Instructions for the task:
For each entry below, write an exact copy and leave out the images.

Scraped caption text data:
******

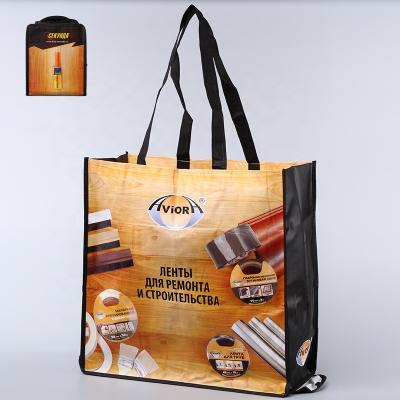 China New Handled Style PP Nonwoven Material Folding Laminated Nonwoven Grocery Bag For Supermarkets for sale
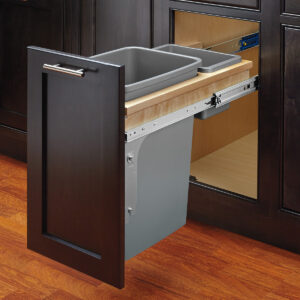 Top mount waste container drawer pullout. Featuring single waste container and small container cutouts.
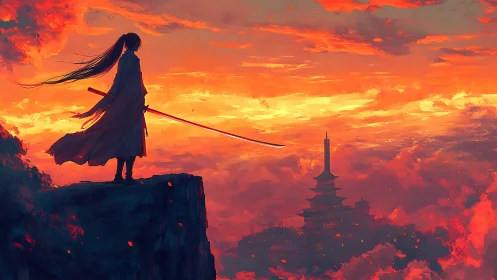 Samurai silhouette overlooking fiery sunset temple skyline.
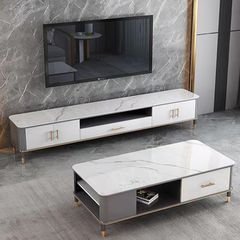 新しいタイプのテレビの棚の丸い角の高級なお茶の組み合わせの軽い豪華な客間の小さいタイプの強化ガラスのテレビの棚のお茶のテーブル
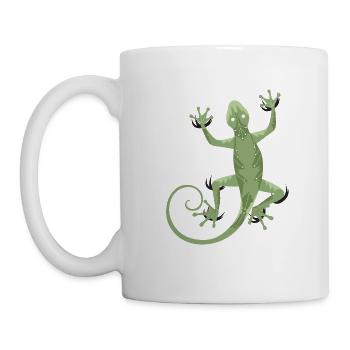 3D Gecko - Tasse - Weiß - Links
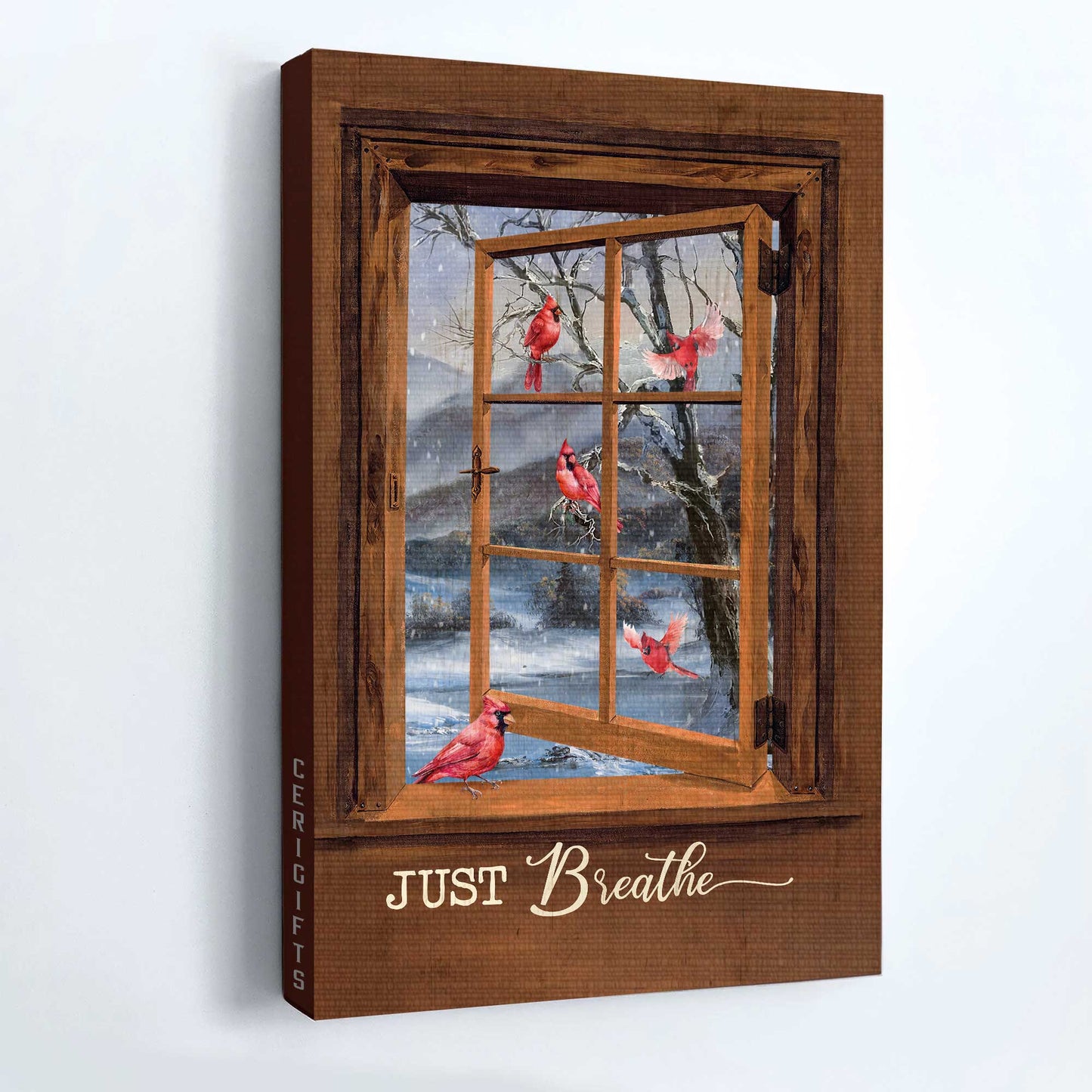 Memorial Portrait Canvas- Blue night, Red cardinal drawing, Wooden window, White snow, Just breathe - Gift for members family- Heaven Portrait Canvas Prints, Wall Art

******

Exercise solution:
 China New Handled Style PP Nonwoven Material Folding Laminated Nonwoven Grocery Bag For Supermarkets for sale
 Top mount waste container drawer pullout. Featuring single waste container and small container cutouts.
 Samurai silhouette overlooking fiery sunset temple skyline.
 新しいタイプのテレビの棚の丸い角の高級なお茶の組み合わせの軽い豪華な客間の小さいタイプの強化ガラスのテレビの棚のお茶のテーブル
 3D Gecko - Tasse - Weiß - Links
 Memorial Portrait Canvas- Blue night, Red cardinal drawing, Wooden window, White snow, Just breathe - Gift for members family- Heaven Portrait Canvas Prints, Wall Art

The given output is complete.